Kleingruppenarbeit: Was heißt Mensch sein?
Die Teilnehmenden werden in Kleingruppen eingeteilt (3 bis 4 Personen) und bekommen die Aufgabe, sich mit dem Satz “Seid Menschen” auseinanderzusetzen. Jede Gruppe erhält eine Leitfrage:
– Was heißt es für euch, im Alltag Menschlichkeit zu zeigen?
– Wo wird heute Unmenschlichkeit sichtbar – im Netz, in der Schule, im Alltag?
– Was hätte ich in der Geschichte getan und was tue ich heute?
Die Gruppen sammeln Gedanken auf einem großen Papierbogen oder bereiten ein kurzes Statement vor, das sie in der großen Runde teilen. Ziel ist es, das Zitat aus der Vergangenheit in die Gegenwart zu holen – ganz konkret, ganz persönlich. Die Teamleiter*innen begleiten die Gruppen mit Sensibilität. Niemand muss über persönliche Erfahrungen berichten, aber alle sollen sich eingeladen fühlen, mitzudenken und zu sprechen. Es ist wichtig, Raum für Unsicherheit zu lassen, denn das Thema ist komplex und emotional.

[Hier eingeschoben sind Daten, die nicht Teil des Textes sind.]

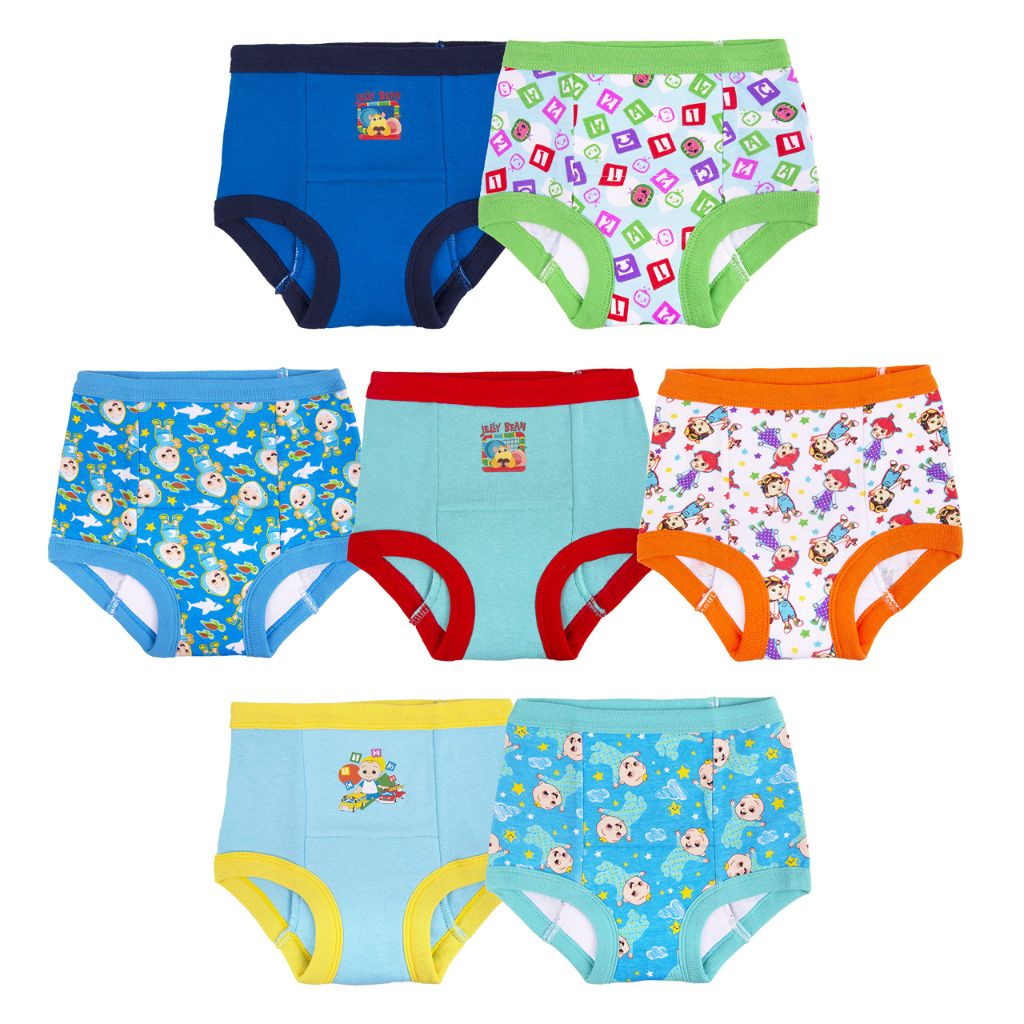 Coco Melon 7-Pack Boys Briefs Underwear, 4T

Rückführung in die große Runde und Austausch
Die Gruppen präsentieren ihre Gedanken. Die Teamleiter*innen moderieren den Austausch mit Offenheit und Wertschätzung. Fragen, die vertiefend gestellt werden, sind:
– Habt ihr heute etwas anders gesehen als vorher?
– Wo seht ihr in eurem Umfeld den Bedarf für mehr Menschlichkeit?

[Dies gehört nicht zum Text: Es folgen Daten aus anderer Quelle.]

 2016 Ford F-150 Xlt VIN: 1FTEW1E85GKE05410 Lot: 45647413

– Was bedeutet Verantwortung für euch, auch wenn ihr (noch) nicht politisch aktiv seid?
Die Jugendlichen sollen das Gefühl bekommen, dass ihre Gedanken zählen. Dass sie Teil einer Gesellschaft sind, die sie mitgestalten können. Dass sie handeln dürfen – und manchmal auch müssen.
Aktivierung und Symbolarbeit: Eine Spur hinterlassen
Um das Gesagte auch zu spüren, gestalten alle Teilnehmenden gemeinsam ein sichtbares Zeichen. Jede*r bekommt ein kleines Blatt Papier oder eine Postkarte. Darauf schreibt jede*r eine Antwort auf die Frage: “Was bedeutet es für mich, Mensch zu sein – und was will ich weitergeben?” Diese Karten werden anschließend gesammelt – als “Archiv der Menschlichkeit” – oder in einem vorbereiteten Rahmen aufgehängt. Wenn möglich, entsteht daraus ein kleines Wandbild, das im Raum bleibt oder bei einer nächsten Veranstaltung wieder aufgegriffen werden kann. Wer möchte, darf seinen Satz auch laut vorlesen. Es geht um echte, persönliche Botschaften sowie Versprechen an sich selbst und an die Gemeinschaft.
Abschluss und Ausblick
Zum Schluss wird die Gruppe noch einmal eingeladen, zur Ruhe zu kommen. Die Teamleiter*innen fassen den Weg der Gruppenstunde noch einmal kurz zusammen – vom Hören, über das Nachdenken, bis hin zum eigenen Handeln. Abschließend wird ein weiteres Zitat von Margot Friedländer geteilt, zum Beispiel: “Ihr müsst nicht schuld sein – aber ihr seid verantwortlich.” Die Teilnehmenden nehmen diesen Satz mit als Denkimpuls, als Anker, als Erinnerung.
Material:
– Video-/Audioausschnitt von Margot Friedländer (alternativ Zitat ausdrucken)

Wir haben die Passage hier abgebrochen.